I was ELCA, and – if I could answer for relatives who are still Lutheran but don’t use Catholic Answers – they moved to Evangelical Lutheran Church - Wisconsin Synod.

*]What is the difference between the Catholic view of Mary as opposed to yours or your Church’s

Mary was never an important part of my upbringing, and I think, outside of what scant references exist in the liturgy, that Mary isn’t all that more important to my still-Lutheran relatives than other Protestants

*]Does your synod ordain married priests and women?

My family quickly left the ELCA church we attended because of this. Despite being in an overwhelmingly rural, conservative county, our ELCA church – surrounded by cornfields ten minutes from the city – hired a female pastor. I didn’t mind, but my family was deeply upset. They now go to a Wisconsin Synod that is strictly male-only. I’m unsure about the marriage element, but I think their current pastor might be married.

*]Does your synod ordain gay clergy?

I believe our former ELCA congregation was gay-affirming. My family’s current Wisconsin Synod does not.

*]What’s the difference between your view on Jesus’ mother Mary, as opposed to the Catholic Church’s? In Catholicism we have several dogmas. We have several distinct beliefs about Mary. She was born without sin (immaculate conception), stayed a virgin all her life (perpetual virginity), ascended bodily into Heaven (the assumption).
*]Can you pray to Mary and the saints?
*]Do you pray the Hail Mary?

All three of these go back to the original Mary question. I cannot remember Mary being mentioned at all – or having any important outside of the occasional Christmas reference – as a child being raised Lutheran. Outside of Christmas, there are no images or statues of Mary in my Lutheran relatives homes. Only images of Jesus, and Protestant crosses.

*]Do you pray the rosary?

I was never taught to. I believe my grandparents have prayer beads.

*]Do you believe in saints?

I was raised to believe anyone could be a saint, as a Saint was someone who had Faith in Christ and lived it to a degree others mostly didn’t. Those who succeeded in living in the world while not belonging to it.
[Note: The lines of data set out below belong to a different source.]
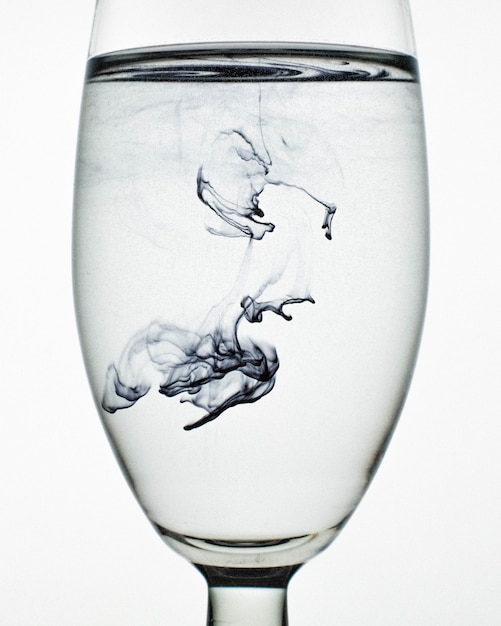 Photo wallpaper of ink in glass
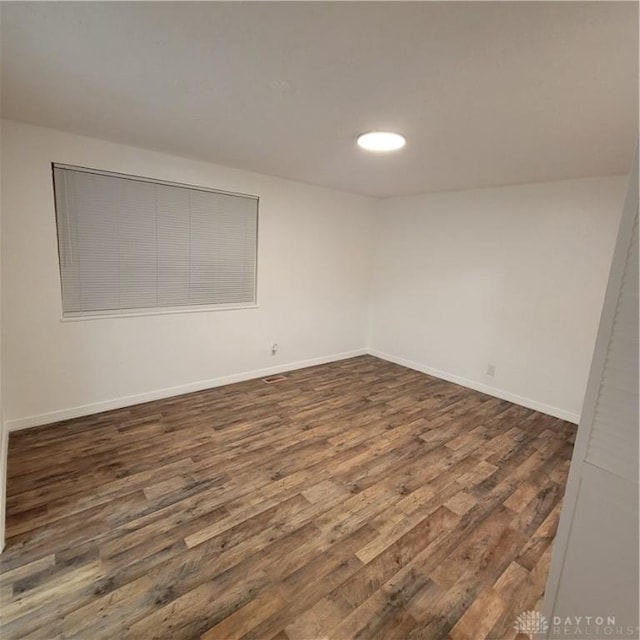 spare room with dark hardwood / wood-style floors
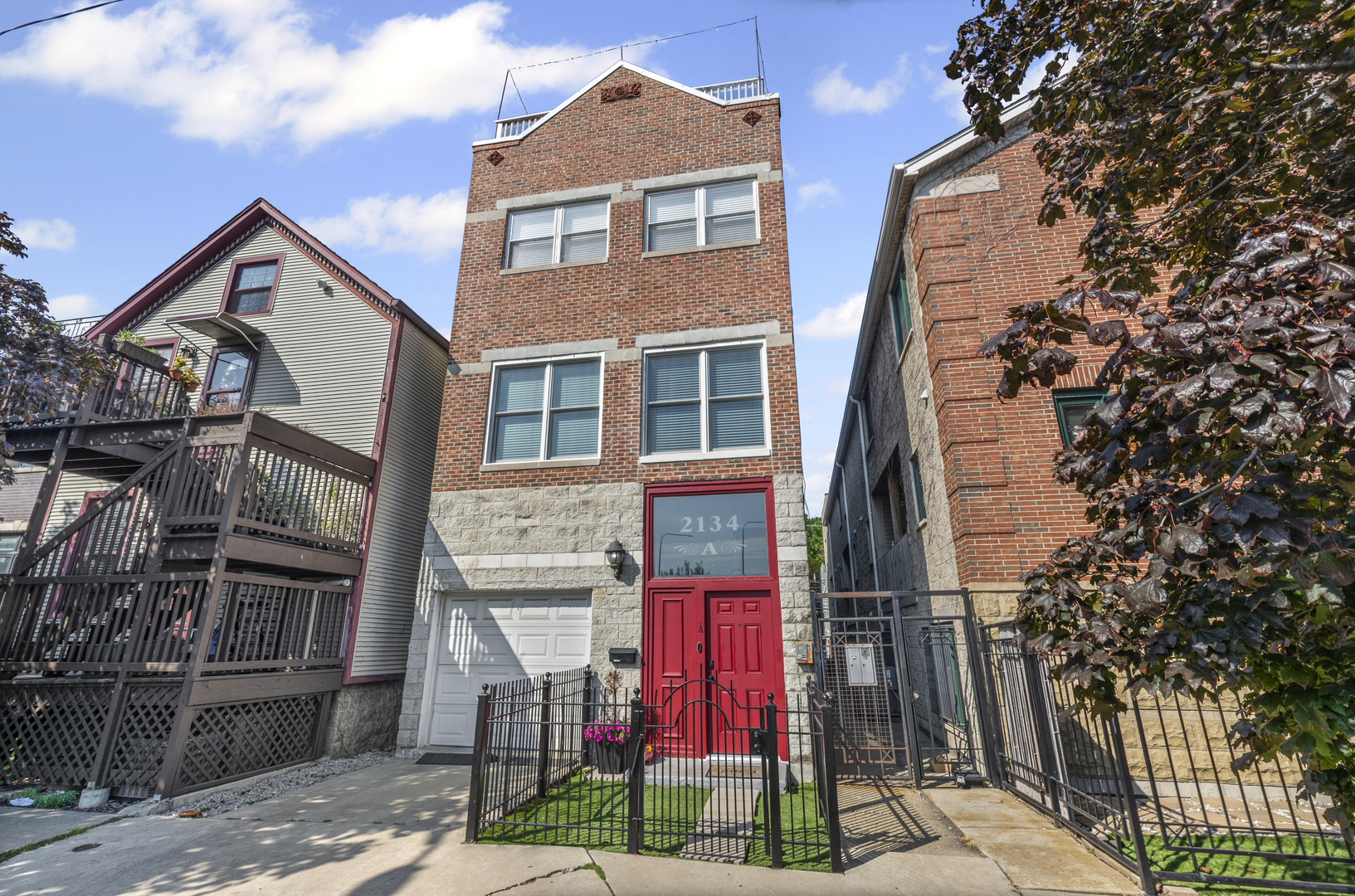 Tucked away on a very quiet Bucktown street, this spacious 3 bedroom, 2.5 bath townhome offers generous living space, thoughtful updates, private attached garage parking, a rooftop deck, and the freedom of fee-simple ownership with no HOA fees or rental restrictions. Three levels of finished living space begin with a welcoming foyer, a large family room with gas fireplace (that works), and a versatile first-floor bedroom complete with a built-in bookcase and Murphy bed-perfect for guests or a quiet home office. The open-concept second floor is designed for today's lifestyle, featuring flexible living and dining areas, a convenient half bath, and a striking NEW kitchen with rich slate-blue cabinetry accented by gold and wood hardware, a farmhouse sink, a new Bosch dishwasher, and a new Samsung Bespoke refrigerator. Upstairs, the primary suite includes a spacious walk-in closet and private en-suite bath, while a bright and airy second bedroom with easy access to another full bath provides comfort and versatility. The rooftop deck delivers sweeping skyline views and is an ideal spot for summer nights with friends, morning coffee, or simply enjoying the city from above. Oak hardwood floors run seamlessly throughout, and every closet is outfitted with custom organizers for maximum storage. A full partially finished basement provides laundry, abundant storage, and endless possibilities for customization, while private garage parking with additional storage completes the home. All this, just steps from the 606 Trail, public transit, Bucktown's celebrated restaurants, nightlife, shops, parks, and Pulaski International Elementary School. Truly a rare find.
*]Do you believe in a literal and eternal Heaven and Hell?

My Lutheran relatives of both ELCA and Wisconsin-Synod definitely do. I was raised to, but do not.

*]Are you beliefs on moral issues (such as abortion, gay marriage, birth control etc.) similar or different than the Catholic Church’s?

My family, when they attended the ELCA and now attending the Wisconsin-Synod, will mostly agree with Catholic moral theology on every count.

With regards to the Mary, Saints, and Praying to Saints question: as a Bahá’í, I do believe we can pray to Mary or any great Female figure in the various religious eras; our Guardian prayed to Bahíyyíh, our Prophet’s Daughter, for intercession on his behalf. We do believe in the power of praying to saint-like figures as manifestations of God’s attributes or embodiments of Faith, and we definitely recognize the difference between Worshiping God and praying to or asking for the intercession from Saints.

Lutheran Church - Missouri Synod (LCMS)

I think it better to let a Roman Catholic explain their view of Mary, but the difference is essentially this: While Mary is Theotokos to both our communions (she is truly the Mother of God!), Lutherans cannot subscribe to much language portraying her as Mediatrix, as it detracts from the saving work of her Son. The later Marian dogmas can similarly detract from/deny/obscure the Gospel when misapplied or misunderstood.

Pastors can marry and married men can be ordained. Only men can become called and ordained servants of the Word. From our Confessions:
[INDENT]

Article XIV: Of Ecclesiastical Order.
Of Ecclesiastical Order [Lutherans] teach that no one should publicly teach in the Church or administer the Sacraments unless he be regularly called.

[/INDENT]

No; Homosexuals must remain celibate to be ordained.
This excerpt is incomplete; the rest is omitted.